Sunil Semplay a posé ses valises à Thunder Bay à l’aube de 2022, par un hiver glacial lors duquel les résident.e.s cassaient leurs pelles dans une lutte impitoyable contre les bancs de neige.
Même si la maison lui manquait – lui qui venait du chaud Pendjab, en Inde –, M. Semplay se sentait plutôt bien. L’étudiant au baccalauréat en sciences informatiques avait reçu une bourse annuelle de 10 000 dollars pour étudier à l’Université Lakehead, ce qui avait pesé lourd dans le choix de son établissement. Les gens étaient sympathiques. Et avec la pandémie qui continuait de se faire sentir, « il n’y avait personne à proximité » : les emplois à temps partiel pleuvaient et les logements aussi.
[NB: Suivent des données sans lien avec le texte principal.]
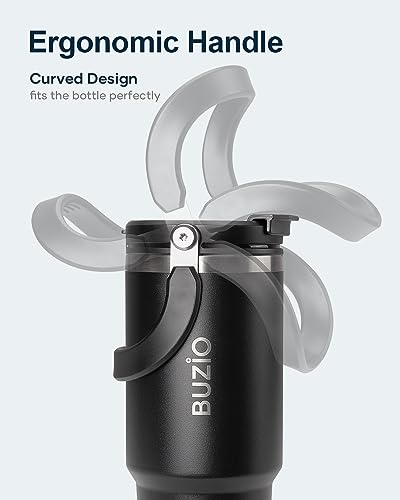 30 oz Insulated Stainless Steel Tumbler with Handle, Lid and Straw G889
Deux ans plus tard, la route s’est avérée plutôt cahoteuse. Même s’il ne regrette pas son choix, il a été pris de cours par l’augmentation des droits de scolarité – cela lui coûte quelque 31 000 dollars cette année – alors que sa bourse n’a pas été bonifiée pour suivre cette hausse (l’Université affirme qu’elle augmente périodiquement la valeur des bourses en plus d’en augmenter le nombre, la dernière augmentation atteignant jusqu’à 50 % remonte à 2021). Il cumule trois emplois à temps partiel pour réussir à tout payer. Comme membre du conseil du syndicat étudiant de l’Université Lakehead, il a reçu tout l’automne durant des messages d’étudiant.e.s d’origine étrangère désespérément à la recherche d’un endroit où vivre. Le Canada lui a offert des possibilités, concède-t-il. « Mais si quelqu’un en Inde me demandait si c’est une bonne idée de venir ici, je dirais non sans hésiter. Ce n’est plus un bon endroit où aller. Ce l’était, à un moment. »
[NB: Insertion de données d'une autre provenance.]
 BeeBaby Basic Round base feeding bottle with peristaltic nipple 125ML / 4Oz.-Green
À chaque fois que des histoires comme celle de M. Semplay (parfois même plus graves) font les grands titres, la réputation du Canada sur le marché mondial de l’éducation redevient une préoccupation pour toute personne craignant que le pays de la feuille d’érable ne soit plus à la hauteur des attentes. Affaires mondiales Canada (AMC), le ministère fédéral chargé des questions commerciales, a commencé l’an dernier à consulter le milieu en vue du renouvellement de sa stratégie d’éducation internationale au début de 2024. Son objectif? Mieux répondre aux besoins des marchés de l’emploi national et régionaux, mieux équilibrer la répartition géographique des étudiant.e.s de l’étranger (la majorité se trouve actuellement en Ontario et en Colombie-Britannique), et protéger la marque canadienne en réglant les problèmes tels que les agences de recrutement malveillantes. Du côté d’Immigration, Réfugiés et Citoyenneté Canada (IRCC), le ministre Marc Miller a annoncé des changements à la fin d’octobre pour protéger les étudiant.e.s contre les offres d’admission frauduleuses et « récompenser les bons acteurs » qui s’astreignent à des normes supérieures en matière de soutien et de parcours étudiant.
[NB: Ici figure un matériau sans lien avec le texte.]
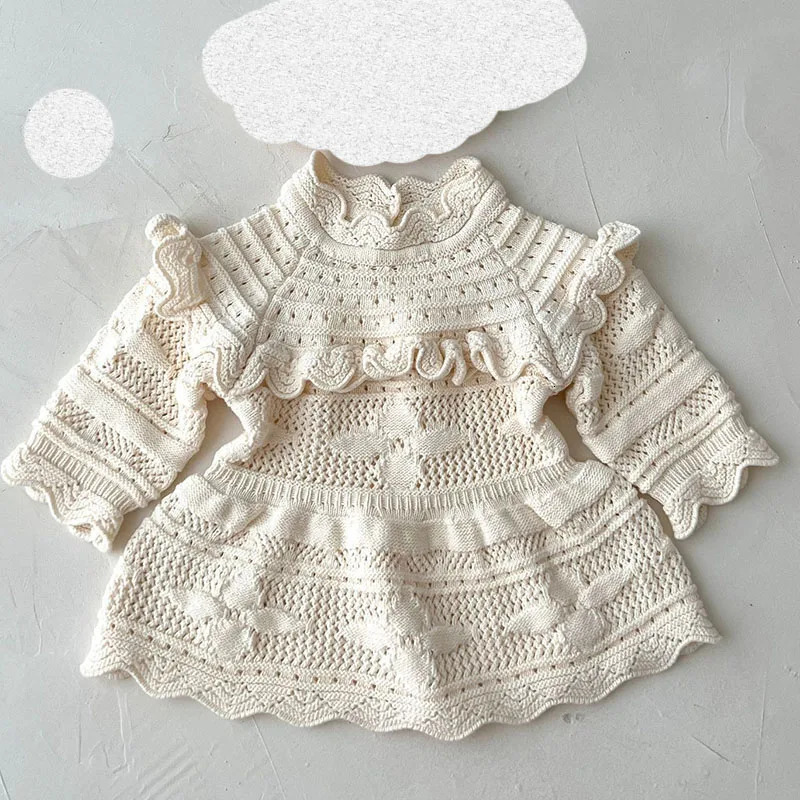 Korean style sisters clothes baby girls knitting clothes spring autumn baby pants girl dress children sweater 250227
« Si quelqu’un en Inde me demandait si c’est une bonne idée de venir ici, je dirais non sans hésiter. Ce n’est plus un bon endroit où aller. »
Si M. Miller refuse de limiter le nombre de permis d’études pour le moment, une idée qui avait été évoquée plus tôt en 2023, on sent, même dans le milieu, qu’on paie aujourd’hui le prix d’une véritable déferlante, du moins en chiffres. Entre 2014 (année de la première stratégie nationale officielle d’éducation internationale) et 2022, le nombre de permis d’études accordés à des étudiant.e.s de l’étranger est passé de 330 000 à 805 000, dont 40 % pour des études universitaires. On pensait que le Canada pouvait offrir une éducation de qualité à un prix concurrentiel dans un pays sûr qui voit un intérêt à accueillir des étudiant.e.s d’origine étrangère, pas seulement pour leurs contributions à court terme à l’économie canadienne, mais aussi comme source de travailleurs et travailleuses qualifié.e.s. On craint toutefois que cette promesse ne soit pas entièrement tenue. « Si le Canada ne tient pas ses engagements à l’égard des étudiant.e.s de l’étranger, si nous n’offrons pas une expérience éducative à la hauteur, c’est notre réputation internationale comme destination d’études qui en fera les frais », prévenait le Bureau canadien de l’éducation internationale (BCEI) aux consultations d’AMC.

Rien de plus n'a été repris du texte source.